• Materials provided
Content starts
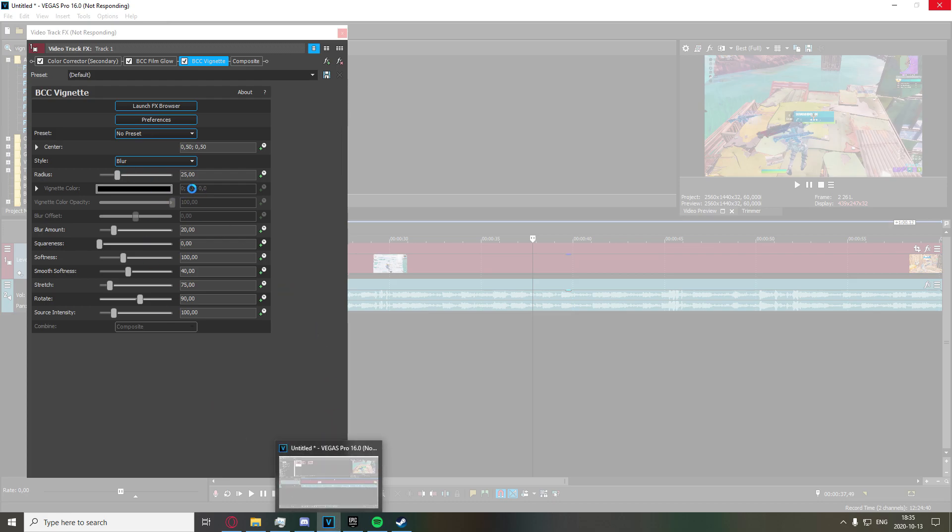Just go ahead and copy the settings that I just gave, and just crank the radius up or down depending on your taste. I think my usual settings are like 40, I think 35 or something like that when I use vignette.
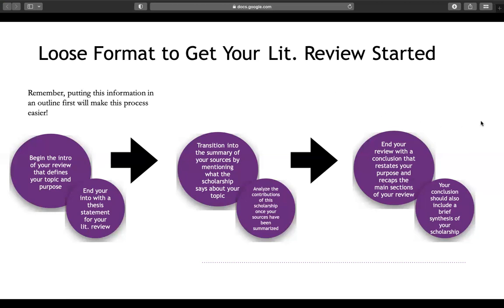Once you've done the summary and analysis, end your literature review with a conclusion that restates your main purpose and recaps the main sections. You might pull from the sources you found most compelling for your argument, and you should also discuss sources that don't necessarily agree with your argument, because that is supposed to be included. We want to do justice to our topic in our literature review.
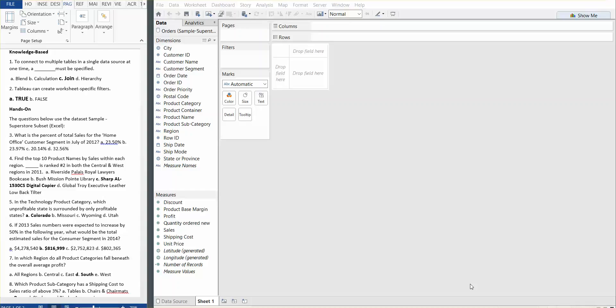In today's session we're going to go through every question in the exam preparation guide that's provided on Tableau's website. This is for the Qualified Associate version, Tableau version 9. I hope this will help people who are attempting to obtain the certification. So let's begin.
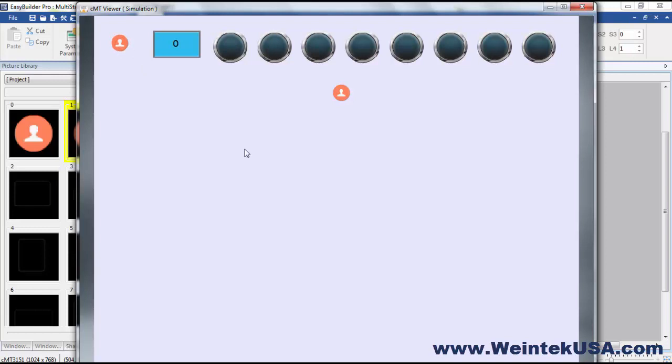That's the basic concept of multi-state objects. Thanks for watching, and be sure to come back and see more of our instructional videos.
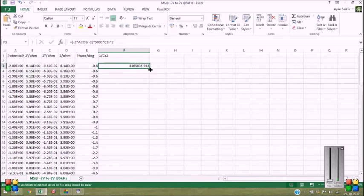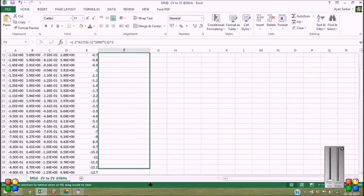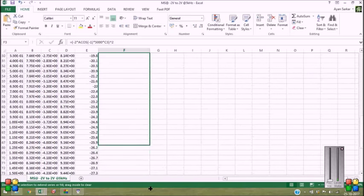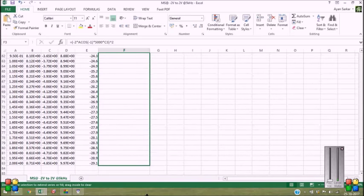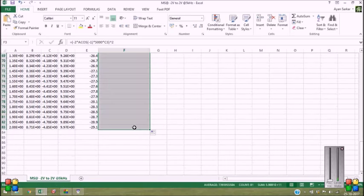Now let's calculate the values for the rest of the potentials. Okay, finished.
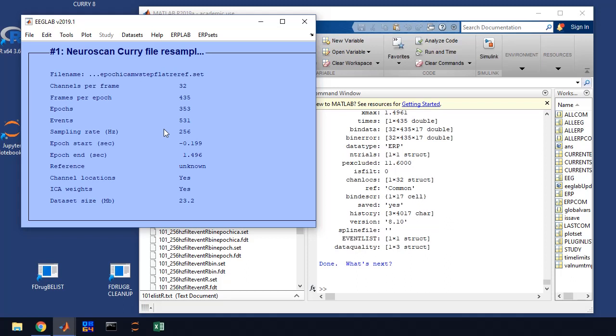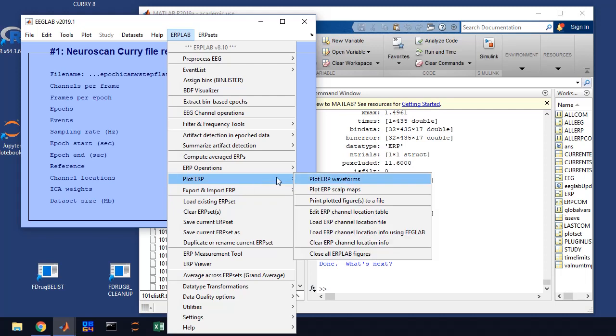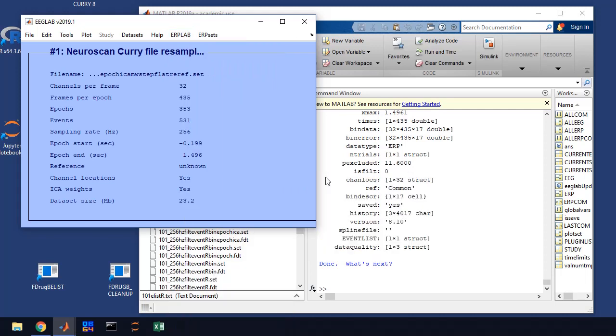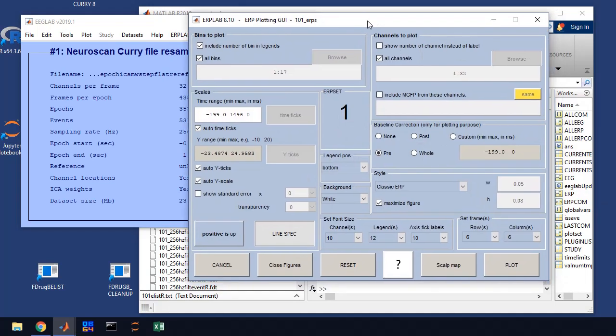Now, the last thing we're going to do is we're going to plot some of these ERPs. I'm going to pause the recording to figure out what we need to plot. Okay. So the plots are specified in your protocol. So the first thing we're going to do is plot the ERP waveforms. So we're going to go to ERP lab, plot ERPs, plot ERP waveforms.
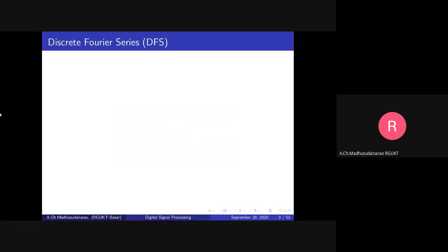Good morning, everyone. Till now we have started briefly about discrete time Fourier transform and Z transforms. Today we are going to discuss about discrete Fourier series.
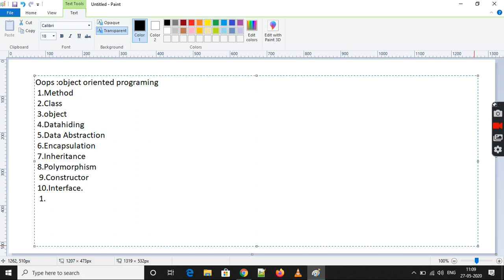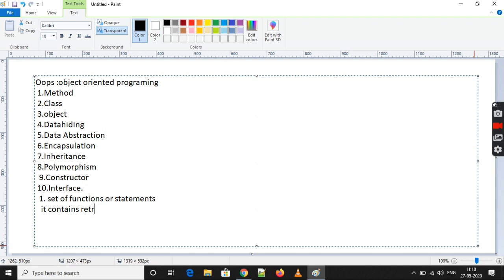So we have: method, class, object, data hiding, abstraction, encapsulation, inheritance, polymorphism, constructor, and interface. Now what is a method? We need to know one by one. A method is called a set of functions or statements. It contains a return type or a value. We will discuss about what the return type and value are in further detail.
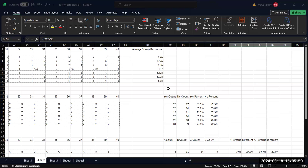In a previous video, we looked at calculating averages and percentages for our survey data. Now we want to create some graphs so that we can display the data visually.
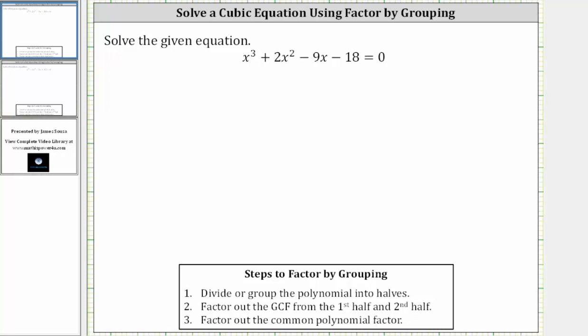In this lesson, we will look at two examples of solving cubic equations by using the technique of factor by grouping. For the first example, we are given x cubed plus two x squared minus nine x minus 18 equals zero. Because there are no like terms on the left side and we have four terms, the recommended technique is factor by grouping.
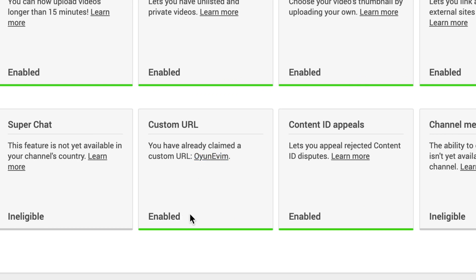Everything is enabled. Now if you do not have this on here, you need to create your custom URL. There is a separate video on this channel for that — the link is in the description and on the card on the top right-hand corner of this video so you can go over there and watch that.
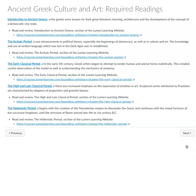This is the required reading, which takes you to the Lumen website. There are five different sections, but they shouldn't take too long for you to navigate and go through.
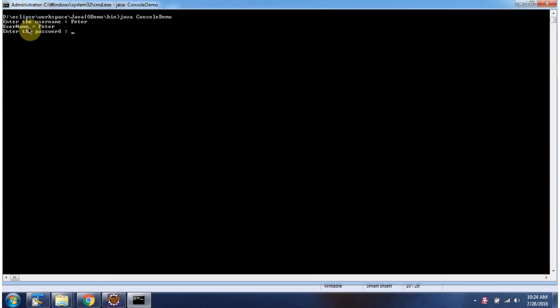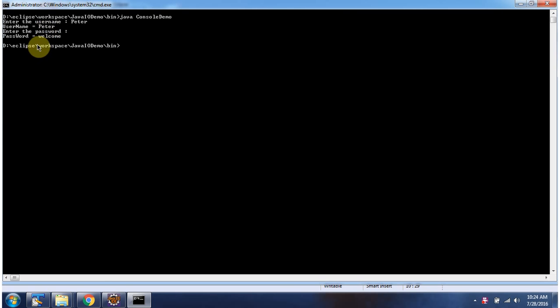And username is displayed as Peter. Enter the password - I am entering as welcome. And here you can see the password. It is welcome. And this is about Console class. Thanks for watching.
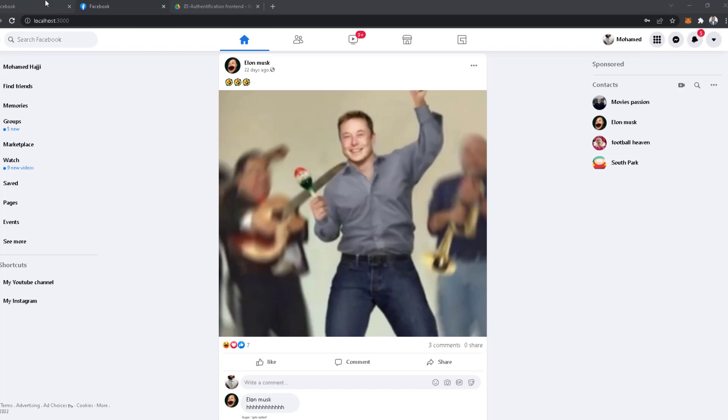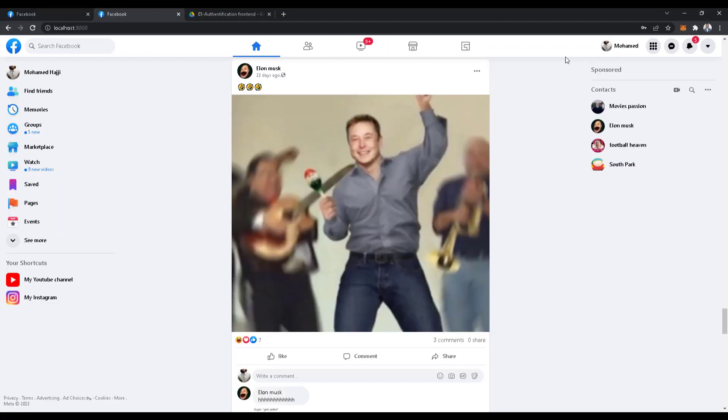Now if we go back and compare, it's exactly the same — the only difference is the image and the name. So we're done with the base of the whole header.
Content ends
• To do
What is needed is an exact copy of only the lines above from the one with "That's the basic" to the one with "So we have: method, class, object, data", both kept, with every picture left out.

• Task output
That's the basic concept of multi-state objects. Thanks for watching, and be sure to come back and see more of our instructional videos.
Now let's calculate the values for the rest of the potentials. Okay, finished.
Now, the last thing we're going to do is we're going to plot some of these ERPs. I'm going to pause the recording to figure out what we need to plot. Okay. So the plots are specified in your protocol. So the first thing we're going to do is plot the ERP waveforms. So we're going to go to ERP lab, plot ERPs, plot ERP waveforms.
Good morning, everyone. Till now we have started briefly about discrete time Fourier transform and Z transforms. Today we are going to discuss about discrete Fourier series.
So we have: method, class, object, data hiding, abstraction, encapsulation, inheritance, polymorphism, constructor, and interface. Now what is a method? We need to know one by one. A method is called a set of functions or statements. It contains a return type or a value. We will discuss about what the return type and value are in further detail.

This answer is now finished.